[[ DATA EXTRACTS, beginning ]]

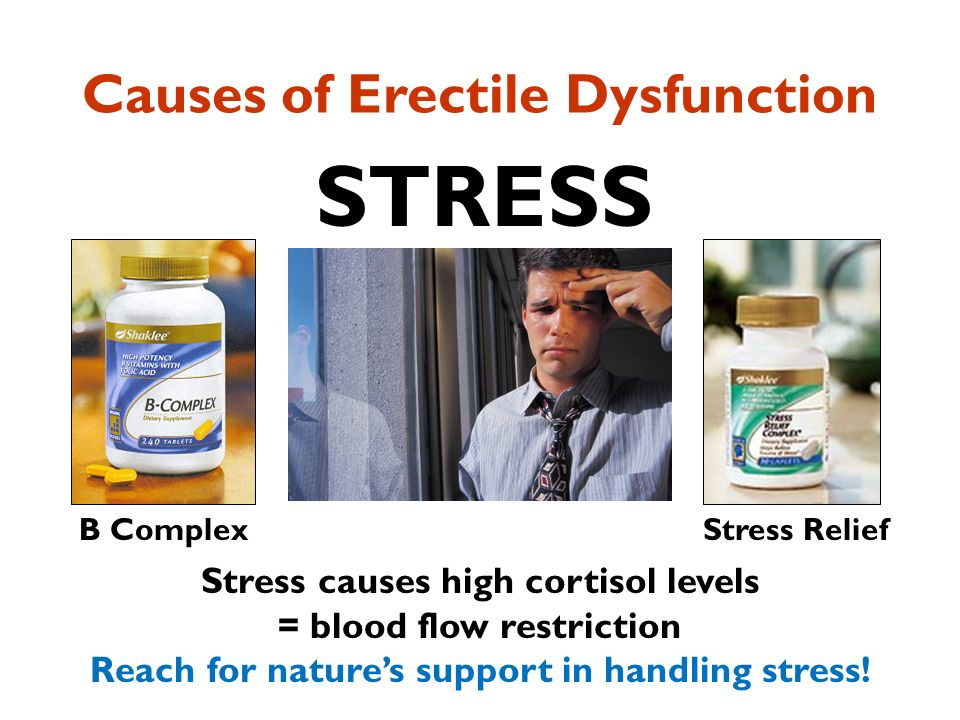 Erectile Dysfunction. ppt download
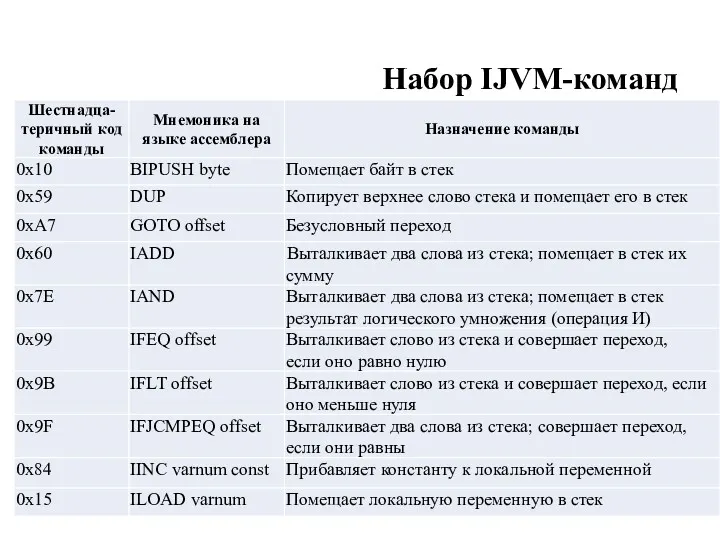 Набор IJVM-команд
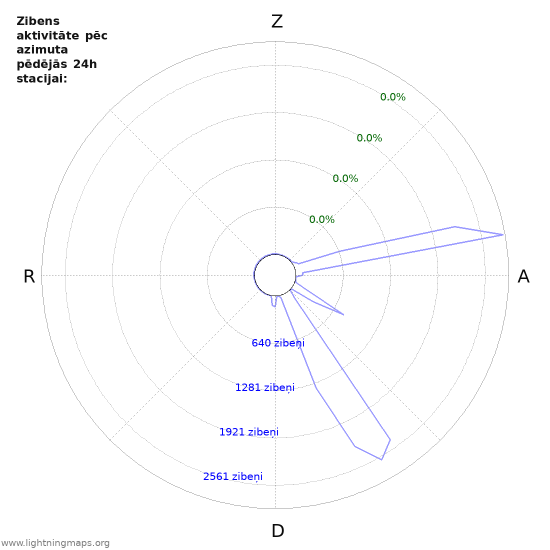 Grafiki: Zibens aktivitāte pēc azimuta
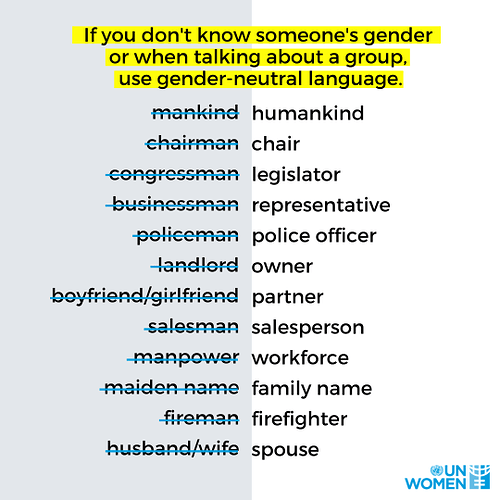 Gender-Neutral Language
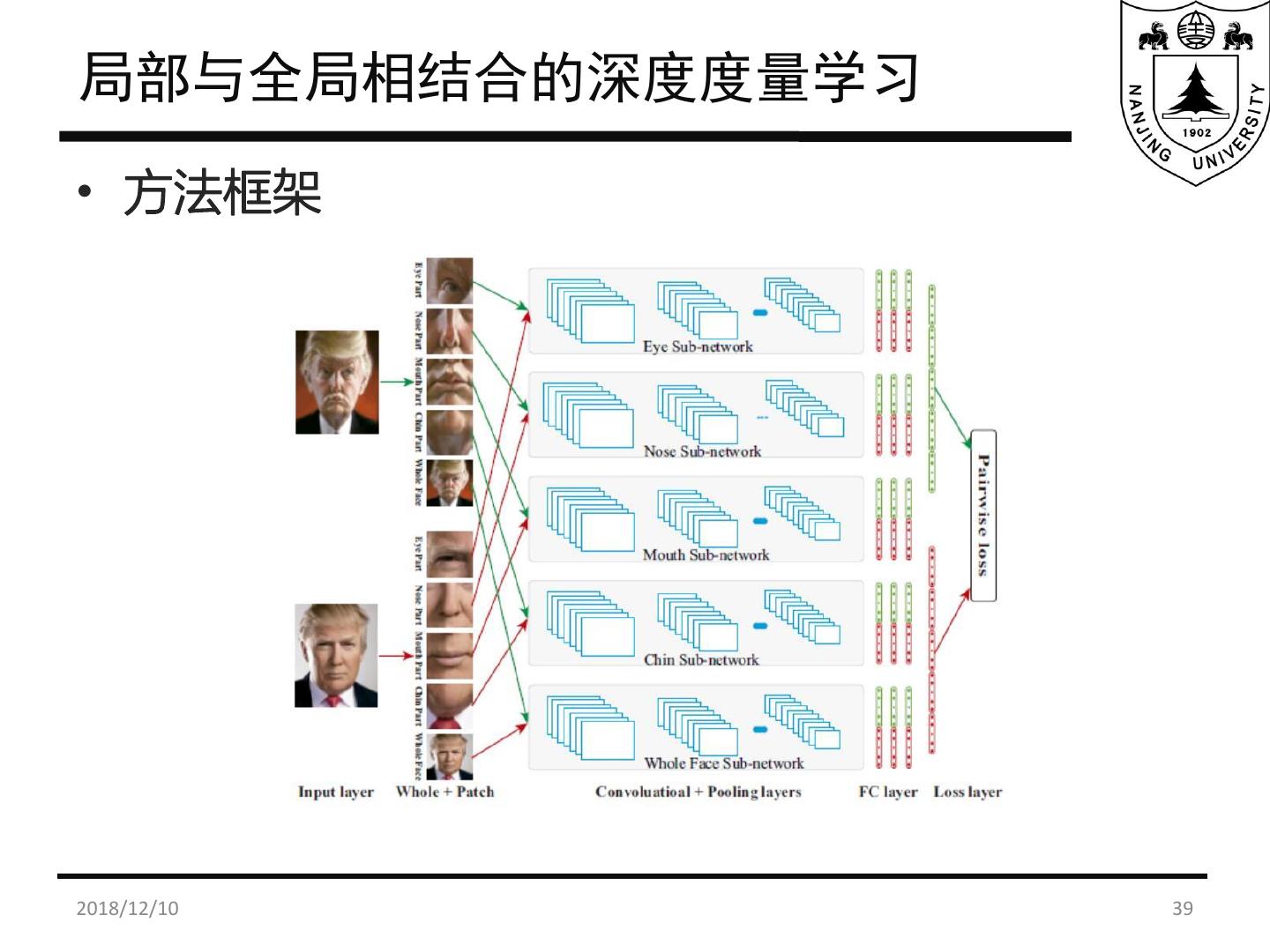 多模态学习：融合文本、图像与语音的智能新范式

[[ DATA EXTRACTS, end ]]

PROBLEM TO SOLVE
Transcribe exactly, and only, the lines from the line with "Grafiki: Zibens aktivitāte pēc azimuta" through the last line of the records, inclusive; the pictures do not belong in the copy.

ANSWER SPACE
 Grafiki: Zibens aktivitāte pēc azimuta
 Gender-Neutral Language
 多模态学习：融合文本、图像与语音的智能新范式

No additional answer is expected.